What are you doing around this year’s M&M’s 75th anniversary?
We’re making sure this is not a one-time celebration; we want it to be full year. We’re ensuring we have something every month to celebrate different aspects of the brand. And we’re making sure we celebrate wherever a consumer comes in contact with the brand. At the point of purchase, social, on TV, or going to M&M’s World, [the consumer] is going to get the message about the 75th anniversary.
We also gave a lot of thought to what we want to celebrate most and realized there’s so much richness in the story we are activating different reasons why the brand is loved, whether from its origin in the military, the evolution of the characters, or voting for M&M’s. Internally, we say we’re celebrating the past, present, and future of the brand.
So you are running different campaigns each month?
We started with the launch of our new song, "The Candy Man." We worked with Zedd and Aloe Blacc, who reinterpreted and contemporized Sammy Davis Junior's 1972 version of the song.
We followed through with the Flavor Vote, allowing consumers to vote for a new peanut flavor that will join M&M’s Peanut products. We continued in May with a campaign for Red Nose Day called Make M Laugh, asking consumers to send in videos to make us laugh. For every engagement from consumers, we [donate] $1 to Red Nose Day. Last year, we raised over $1.2 million.
What changes to the brand’s marketing strategy have stood out to you?
You cannot become static with a brand that has managed to [stay] relevant and be the number one chocolate brand in the world. It’s about dynamic evolution, making sure we remain authentic to what M&M’s is; connecting with consumers by living in the moment and being part of the culture; and making sure we’re always bringing something positive [to consumers].
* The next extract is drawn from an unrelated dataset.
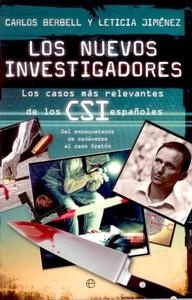 Nuevos investigadores, Los "Los casos más relevantes de los CSI españoles". Los casos más relevantes de los CSI españoles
M&M’s was one of the first brands to be on TV and have characters as spokespeople. M&M’s was also a leader in social media adoption in comparison to other Mars Chocolate brands. Only Snickers had a Facebook page around the same time as M&M’s, in 2008, and M&M’s was the first Mars Chocolate brand to activate on Twitter by over a year, also in 2008.
We are constantly alert to what’s going on in the world and make sure we’re part of pop culture. We want to make sure the brand remains cool for our consumers.
What response are you seeing from social media?
In 2015, M&M’s Facebook page had a 7.29% engagement rate. Latest industry data states a 1.75% average engagement rate for CPG brands – making M&M’s four-times more engaging than the industry standard. On Twitter, we saw a 4.26% engagement rate and more than 411,000 engagements with our content in 2015. Our Instagram account ended the year with more than 219,000 engagements.
Nielsen data shows chocolate consumption is down 1.9% in the U.S. Are you doing anything different to market to health-conscious consumers?
In the bite-size segment, consumption is not down. Consumers are still consuming bite-size [candy] because it is portionable and they can decide how many they eat. And we have resealable packs so they can control how much they eat.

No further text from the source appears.